Только став православной, я начала понимать маму, а жизнь уже на конкретных примерах отвечала на мои «почему». Запомнился один случай. Во время войны в Карабахе несколько прихожан из нашего храма работали волонтёрами в больнице, помогая выхаживать раненых азербайджанцев и армян. Тяжелее всех приходилось доктору, армянину из Карабаха, ибо даже у постели умирающих кто-то яростно проклинал ненавистных «армяшек» или не менее ненавистных «азеров».
— А ведь раньше мы жили в Карабахе дружно, — грустно сказал однажды доктор. — Одна сторона улицы — армянская, другая — азербайджанская. В гости друг к другу ходили и вели совместно дела. А бизнес успешен лишь при единстве партнёров, здесь разрыв отношений — крах. И стали говорить: какая разница, мусульманин ты или христианин? Бог один — общий, а Православие и ислам — это всего лишь тропинки к вершине горы, к Богу. Какая разница, какой дорогой идти? А потом от безразличия к вере никакой разницы действительно не стало, и от экуменизма началась война.

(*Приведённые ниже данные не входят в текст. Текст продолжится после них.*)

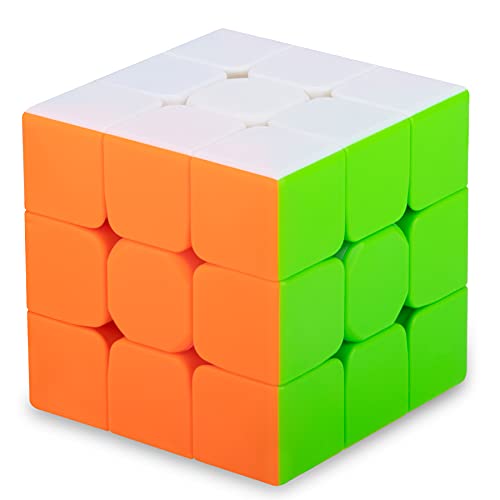 SISYS 3x3x3 Speed Cube, 3x3 Rompecabezas Cubo Mágico Liso Magic Puzzle Cube 3 by 3 sin Pegatina Juguete Educativo para Niños y Adultos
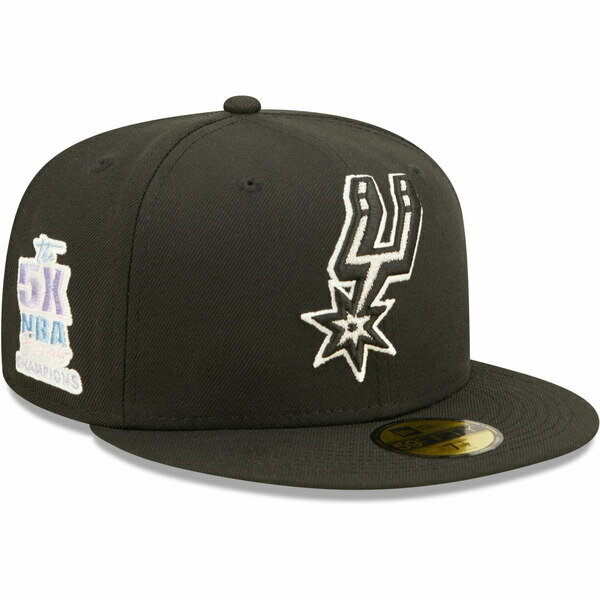 ニューエラ メンズ 帽子 アクセサリー San Antonio Spurs New Era 5x NBA Finals Champions Pop Sweat 59FIFTY Fitted Hat Black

Вывод доктора из Карабаха поражал парадоксальностью. Нет, я не о том, что для православных неприемлем экуменизм и подмена веры. Здесь всё ясно. Но ведь в житейском плане экуменизм (от слова «ойкумена» — «вселенная») воплощает в себе, казалось бы, мечту человечества о том золотом веке, когда сольются в единую семью все народы земли, исчезнут войны и ненависть, и мирно возлягут рядышком ягнёнок и лев. Более сладкой мечты у человечества нет. Но вот реальное воплощение этой мечты: глобализация с её мощнейшими технологиями по выработке «нового мышления» и единых стандартов жизни неизбежно приводит к денационализму, а денационализм порождает агрессию национализма. Денационализм — это война. И погасить этот пожар национально-религиозных войн, как утверждают сторонники глобализации, способен лишь тот новый мировой порядок, когда человечество превратится в расу «кочевников», уже не страдающих привязанностью к своему Отечеству, но кочующих с кредитной карточкой по всему миру.